- TASK INSTRUCTIONS
Please copy out the entries below exactly, beginning with the line that contains "oude Schoolfoto in" and ending with the line that contains "해남 땅끝마을로 간 KTF 산타봉사단", and include nothing outside that span.

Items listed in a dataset
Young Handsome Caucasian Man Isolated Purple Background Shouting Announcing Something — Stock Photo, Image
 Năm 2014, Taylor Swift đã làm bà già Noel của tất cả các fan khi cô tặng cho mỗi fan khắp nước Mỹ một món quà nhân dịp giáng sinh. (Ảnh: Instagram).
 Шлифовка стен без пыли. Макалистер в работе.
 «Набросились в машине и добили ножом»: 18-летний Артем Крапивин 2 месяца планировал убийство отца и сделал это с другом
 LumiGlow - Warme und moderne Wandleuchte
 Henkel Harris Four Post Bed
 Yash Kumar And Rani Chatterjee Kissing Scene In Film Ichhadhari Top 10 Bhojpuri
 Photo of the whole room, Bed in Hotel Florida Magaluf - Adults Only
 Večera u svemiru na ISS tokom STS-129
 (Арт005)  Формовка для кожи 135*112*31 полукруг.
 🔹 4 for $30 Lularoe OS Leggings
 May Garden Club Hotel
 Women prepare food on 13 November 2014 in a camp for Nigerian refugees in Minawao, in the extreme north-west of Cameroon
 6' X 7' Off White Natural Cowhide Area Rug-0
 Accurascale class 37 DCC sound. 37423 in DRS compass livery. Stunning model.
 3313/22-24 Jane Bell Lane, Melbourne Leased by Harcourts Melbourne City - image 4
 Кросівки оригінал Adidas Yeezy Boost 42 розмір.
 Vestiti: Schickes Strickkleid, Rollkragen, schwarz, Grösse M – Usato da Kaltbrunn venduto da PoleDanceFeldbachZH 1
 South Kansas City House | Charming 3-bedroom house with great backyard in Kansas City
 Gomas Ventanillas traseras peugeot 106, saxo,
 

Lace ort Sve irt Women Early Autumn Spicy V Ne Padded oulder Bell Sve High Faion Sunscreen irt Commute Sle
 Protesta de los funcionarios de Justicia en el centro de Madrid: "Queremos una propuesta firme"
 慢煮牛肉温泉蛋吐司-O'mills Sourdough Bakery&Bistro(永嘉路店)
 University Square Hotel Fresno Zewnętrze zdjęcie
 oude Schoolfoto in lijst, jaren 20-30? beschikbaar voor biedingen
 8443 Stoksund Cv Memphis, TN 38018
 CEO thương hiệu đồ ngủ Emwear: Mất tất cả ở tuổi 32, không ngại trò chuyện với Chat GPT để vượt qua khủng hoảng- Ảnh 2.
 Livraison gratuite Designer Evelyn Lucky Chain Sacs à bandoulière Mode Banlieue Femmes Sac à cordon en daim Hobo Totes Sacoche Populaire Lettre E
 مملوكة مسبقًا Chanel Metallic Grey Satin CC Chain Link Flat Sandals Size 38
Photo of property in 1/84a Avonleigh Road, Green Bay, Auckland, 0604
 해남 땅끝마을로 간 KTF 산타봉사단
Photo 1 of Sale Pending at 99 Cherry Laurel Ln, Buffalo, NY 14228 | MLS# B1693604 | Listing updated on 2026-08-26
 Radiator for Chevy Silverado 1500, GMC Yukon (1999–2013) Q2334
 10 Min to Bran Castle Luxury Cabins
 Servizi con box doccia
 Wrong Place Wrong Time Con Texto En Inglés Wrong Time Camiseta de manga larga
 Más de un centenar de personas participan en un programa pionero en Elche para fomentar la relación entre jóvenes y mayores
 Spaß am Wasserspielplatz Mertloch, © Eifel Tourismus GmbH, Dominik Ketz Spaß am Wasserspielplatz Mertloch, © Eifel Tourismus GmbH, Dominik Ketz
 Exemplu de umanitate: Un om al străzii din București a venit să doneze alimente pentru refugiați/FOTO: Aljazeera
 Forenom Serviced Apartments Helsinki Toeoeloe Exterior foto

- RESULT
 oude Schoolfoto in lijst, jaren 20-30? beschikbaar voor biedingen
 8443 Stoksund Cv Memphis, TN 38018
 CEO thương hiệu đồ ngủ Emwear: Mất tất cả ở tuổi 32, không ngại trò chuyện với Chat GPT để vượt qua khủng hoảng- Ảnh 2.
 Livraison gratuite Designer Evelyn Lucky Chain Sacs à bandoulière Mode Banlieue Femmes Sac à cordon en daim Hobo Totes Sacoche Populaire Lettre E
 مملوكة مسبقًا Chanel Metallic Grey Satin CC Chain Link Flat Sandals Size 38
Photo of property in 1/84a Avonleigh Road, Green Bay, Auckland, 0604
 해남 땅끝마을로 간 KTF 산타봉사단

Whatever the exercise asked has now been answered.